Australian startup Zoomo has just announced a $60 million Series B fundraise, money it aims to use to transform the way companies look at last-mile delivery.
“Zoomo offers gig workers a weekly subscription, which includes servicing, for anywhere from $20 per week to $49 per week.”
Eldiario, a newspaper founded a decade ago went digital and spearheaded the pay-what-you-want model. Today, Eldiario is Spain’s most widely read digital-only newspaper, and its 61,000 paying members puts it just behind overall leader El País, a national institution
“[...] instead of selling subscriptions, Escolar introduced a fee-based membership model that let readers pay as much as they wanted—or nothing at all.”

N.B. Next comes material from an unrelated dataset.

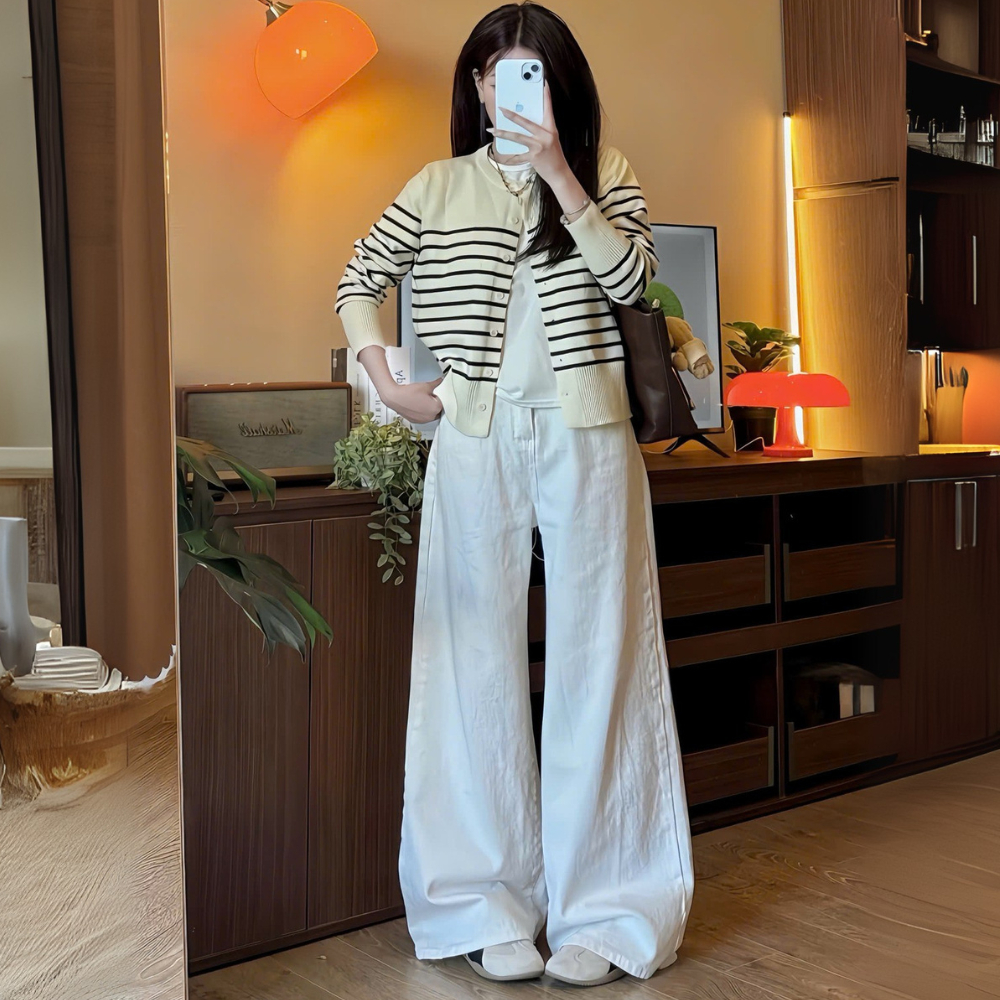 Quần Jean Trắng Ống Suông Rộng 31-33cm MIAA Cạp Cao Tôn Dáng , Quần Bò Trắng Ống Rộng Đủ Size Cực Tôn Dáng | BigBuy360 - bigbuy360.vn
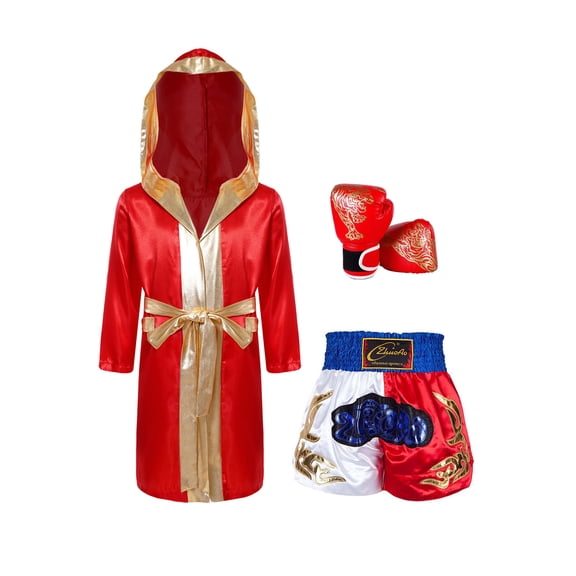 Vxuxlje Kids Boys Boxing Costume Satin Hooded Muay Thai Boxing Robe Martial Arts Shorts Boxing Gloves Burgundy&Blue 14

Box-sellers are trying to adapt after the pandemic, writes The Economist. Competition has intensified, both from a fresh influx of startups and large established firms and more firms are fighting over a pie that will expand more slowly as customers return to physical shops.
“Stitch Fix, an online clothing marketplace, has introduced one-off purchases. But acting more like a regular online retailer diminishes the advantages of selling subscriptions, and may not stop shoppers from clicking the “unsubscribe” button.”
Solar power will eventually become a pure subscription model, predicts Zuora subscription CEO Tien Tzuo. Regular equipment upgrades will simply become part of the package and the customer will just be subscribing to clean and efficient power, and the equipment and upkeep aspects will dissolve away.
“With solar, you’re essentially just subscribing to the access of solar panels. You are subsidizing their manufacture, installation and maintenance costs, which all continue to drop precipitously. It’s a simple hardware-as-a-service model.”
EV maker Rivian's stock price has surged since it's IPO. Rivian brings forward something new to the auto industry, writes Subscribed.com: they place subscriptions squarely at the center of their business model.
“We assume the LTR opportunity from software to be $15,500. This is comprised of autonomous driving capabilities of $10,000, and a monthly subscription plan for infotainment, connectivity, diagnostics, and other services valued at $5,500, based on publicly disclosed industry benchmarks.”